In her opening account, Clare Dyer states that she will describe “what steps have been taken to make sure no other doctor has to go through such an ordeal.” Judge Pearl has been appointed to lead the new Medical Practitioners’ Tribunal Service and the GMC is shortly to issue guidance on how doctors should conduct themselves in child protection cases. In our view, however, it is the GMC that needs to learn how to conduct itself in child protection cases.
We recommend that:
• the GMC take notice of previous enquiries by the doctor’s employer and other agencies: the Morris case had been fully considered and dismissed by 3 senior paediatricians years before.
• any charge that is brought before a Fitness to Practise Panel should be of sufficient severity to warrant serious sanction. No competent assessor could believe that the reporting a suspicion of child abuse to the police, as in the Clark case, or writing a letter to an unnamed colleague, or not asking a parent suspected of abuse for permission to pass on child protection concerns could possibly be thought to suggest impaired fitness to practise. Such actions confirm the poor competence of assessors who consider allegations against doctors working in child protection. Assessors’ decisions appeared driven by the emotional intensity of cases rather than by concerns of misconduct.

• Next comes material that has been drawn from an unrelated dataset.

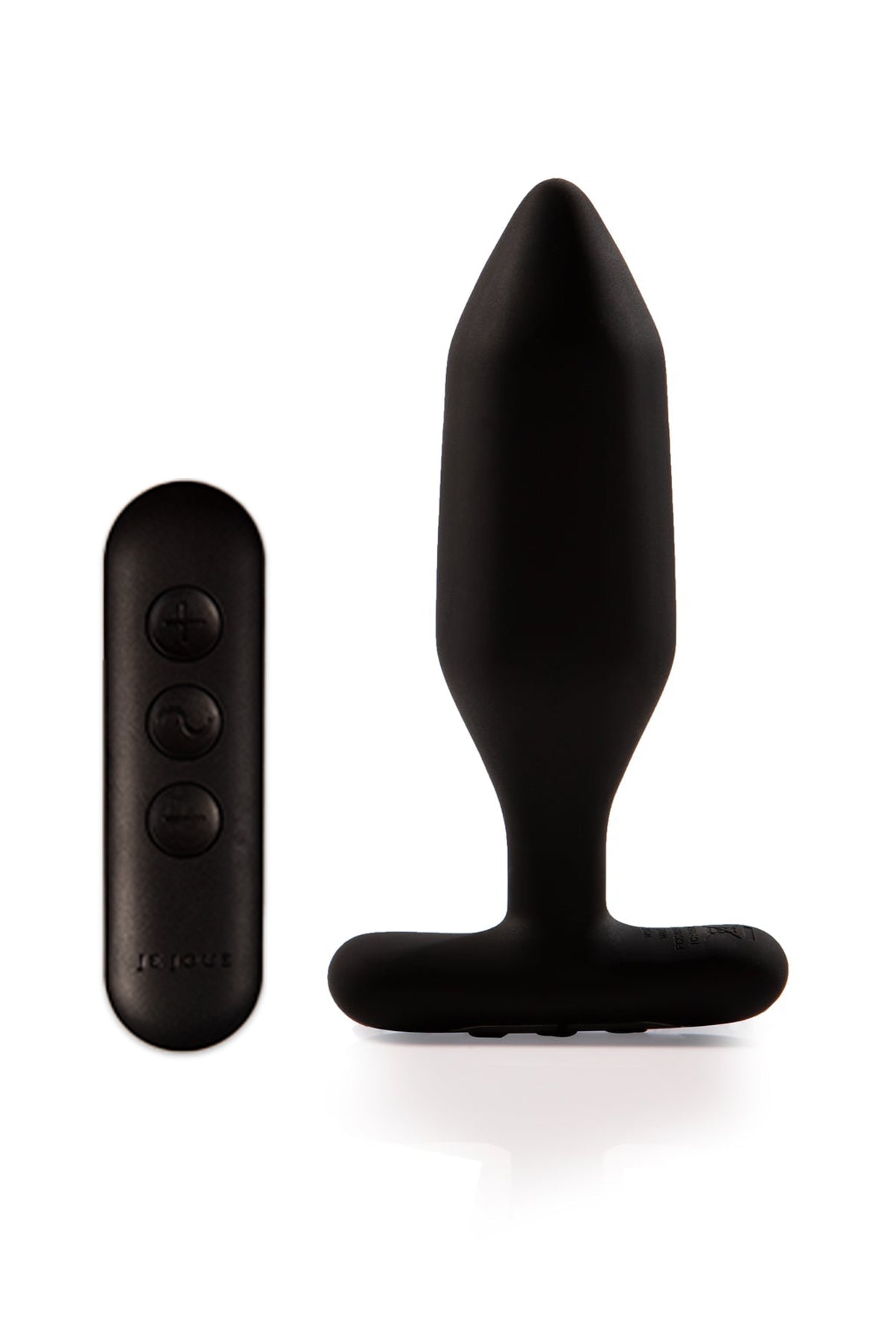 Onyx Vibrating Butt Plug Black 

• the actions of the doctor are analysed from the point of view of the intended benefit to the child - this would be helped by the appointment of an advocate for the child in the proceedings. If the hearings involving David Southall had included such advocates, he would not have been censured. The Children Act states that the welfare of the child is paramount and the courts in this regard have clearly defined the doctor’s duty.
• all members of Fitness to Practise Panels should have training in the basic principles involved in professional practice in this complex field.
• the GMC must be more careful about its choice of experts: not all of them would be accepted as genuine experts by others.
• the GMC should be wary of the motives of complainants, particularly when there are multiple complaints.
• the GMC must have courage to resist unreasonable demands from politicians and the media.
The practice of child protection will suffer until the GMC shows that it wishes to do better.
1. Dyer C. David Southall: anatomy of a wrecked career. BMJ 2012;344:18-22.
2. Modi N, McIntosh. The effect of the neonatal Continuous Negative Extrathoracic Pressure (CNEP) trial enquiries on research in the UK. Arch Dis Child 2011;96:500-504.
3. Wright T. The Stoke CNEP saga - how it damaged all involved. JR Soc Med 2010;103: 23-28.
4. Mathews B, Payne H, Bonnet C, Chadwick D. A way to restore British paediatricians' engagement with child protection. Arch Dis Child 2009;94: 329-332.